Prime Minister Modi is also expected to meet President Obama at the G20 summit in Hangzhou, China on September 4-5, for what will possibly be their last meeting as heads of government.
All these exchanges are happening around the time of the NAM summit in Venezuela on September 17-18, where Prime Minister Modi may be a no-show+ .
The flurry of bilateral visits and exchanges will conclude the Modi government's engagement with the Obama administration as the US Presidential election campaign enters the final stretch in America's winter of discontent.
One of the few bright spots in an otherwise bleak world outlook is what both Washington and New Delhi agree has been a constructive and productive engagement between the two countries, and inasmuch as it is expected to continue into the next U.S administration regardless of who heads it, the two sides want to conclude as much business as possible before the impending changes in Washington DC.
Officials familiar with the engagement said the defense minister's visit to the US Capital was advanced in part to conclude unfinished business before the makeover in Washington, which will also see personnel changes at the Indian Embassy.
The long-awaited and intensely-negotiated agreement pertaining to bilateral military logistics cooperation is just one item that is expected to be ticked off in a US-India defense agenda that has gotten more extensive with each passing year.
Customized to India's specific needs, the Logistics Exchange Memorandum of Agreement (LEMOA) is the centerpiece of three foundational agreements that the US sees as the basis of long-term military cooperation - the expression ''alliance'' being anathema to India.
The Scorpene snafu+ will likely be the opening that Washington will use to persuade India to move the on two remaining agreements -- Communication Interoperability and Security Memorandum Agreement (CISMOA) and Basic Exchange and Cooperation Agreement (BECA) although New Delhi has been leery of such arrangements precisely because of the risk of such leaks.
But given the intense military engagement -- the US is now India's #1 defense partner in terms of hardware supplies and operational exercises -- such agreements are inevitable although New Delhi has sought customized versions specific to its unique status as a ''major defense partner,'' albeit as a ''non-ally.''
It is in this spirit that India is testing the frontiers of the American word that just about anything it has is on the table for India -- from the most advanced jet fighters to aircraft carrier technology to drones.
Indeed, the General Atomic-manufactured Predator Drones are the next item on India's military shopping list in the U.S. that has already ticked off heavy strategic lift aircrafts, anti-submarine warfare aircraft, and Harpoon Missiles, among other items.
Parikkar was initially scheduled to head out to the west coast to visit some of US manufacturing facilities but it now appears he will stay in the Washington DC area and perhaps visit local affiliates.
The US-India engagement comes even as there is a sharp decline in Washington's patronage of Pakistan, now seen as a terrorist state in all but formal designation.

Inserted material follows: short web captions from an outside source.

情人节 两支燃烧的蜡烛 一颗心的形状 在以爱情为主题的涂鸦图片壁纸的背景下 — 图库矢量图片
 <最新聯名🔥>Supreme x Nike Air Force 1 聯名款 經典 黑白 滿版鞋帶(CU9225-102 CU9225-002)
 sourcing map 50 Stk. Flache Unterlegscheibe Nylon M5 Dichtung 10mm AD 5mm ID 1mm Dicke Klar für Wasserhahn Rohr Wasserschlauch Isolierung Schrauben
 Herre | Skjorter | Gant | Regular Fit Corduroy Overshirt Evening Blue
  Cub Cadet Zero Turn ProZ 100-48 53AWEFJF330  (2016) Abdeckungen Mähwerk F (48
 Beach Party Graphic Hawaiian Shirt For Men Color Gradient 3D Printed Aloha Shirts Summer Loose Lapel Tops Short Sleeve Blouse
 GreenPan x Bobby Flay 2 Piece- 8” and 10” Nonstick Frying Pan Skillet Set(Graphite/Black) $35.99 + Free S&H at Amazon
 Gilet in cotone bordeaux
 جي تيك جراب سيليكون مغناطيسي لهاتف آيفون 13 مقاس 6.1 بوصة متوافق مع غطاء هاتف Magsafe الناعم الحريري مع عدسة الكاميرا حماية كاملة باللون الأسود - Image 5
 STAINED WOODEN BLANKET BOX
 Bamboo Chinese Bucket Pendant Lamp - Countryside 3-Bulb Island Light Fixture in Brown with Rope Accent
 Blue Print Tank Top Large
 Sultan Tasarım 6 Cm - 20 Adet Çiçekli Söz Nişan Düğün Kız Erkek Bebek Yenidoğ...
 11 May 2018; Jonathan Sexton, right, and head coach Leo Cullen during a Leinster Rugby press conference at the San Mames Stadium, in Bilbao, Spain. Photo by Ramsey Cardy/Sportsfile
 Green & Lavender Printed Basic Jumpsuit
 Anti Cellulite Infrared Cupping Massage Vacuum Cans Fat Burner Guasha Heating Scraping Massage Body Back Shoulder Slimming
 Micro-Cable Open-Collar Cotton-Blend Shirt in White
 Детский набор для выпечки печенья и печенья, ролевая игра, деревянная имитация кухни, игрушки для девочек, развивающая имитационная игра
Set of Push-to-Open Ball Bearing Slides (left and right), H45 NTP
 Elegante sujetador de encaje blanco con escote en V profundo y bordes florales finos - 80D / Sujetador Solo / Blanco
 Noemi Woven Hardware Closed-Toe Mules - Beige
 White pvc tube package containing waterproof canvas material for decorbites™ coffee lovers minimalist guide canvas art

Pakistan's attempt to impute an Indian hand in its domestic turmoil, including in Balochistan and Karachi, has had no perceptible impact in Washington (or at the UN in New York), aside from the standard salutary advise to both sides that they should keep talking, with the pace, scope, and character of the dialogue to be decided by them.
The fact that Pakistan continues to host terror groups+ and has not given up its policy of using them as proxies in the neighborhood, despite protestations to the contrary, has not gone unnoticed in Washington, particularly after the latest attack on the American University in Kabul, which the Afghan government has blamed squarely on Pakistan.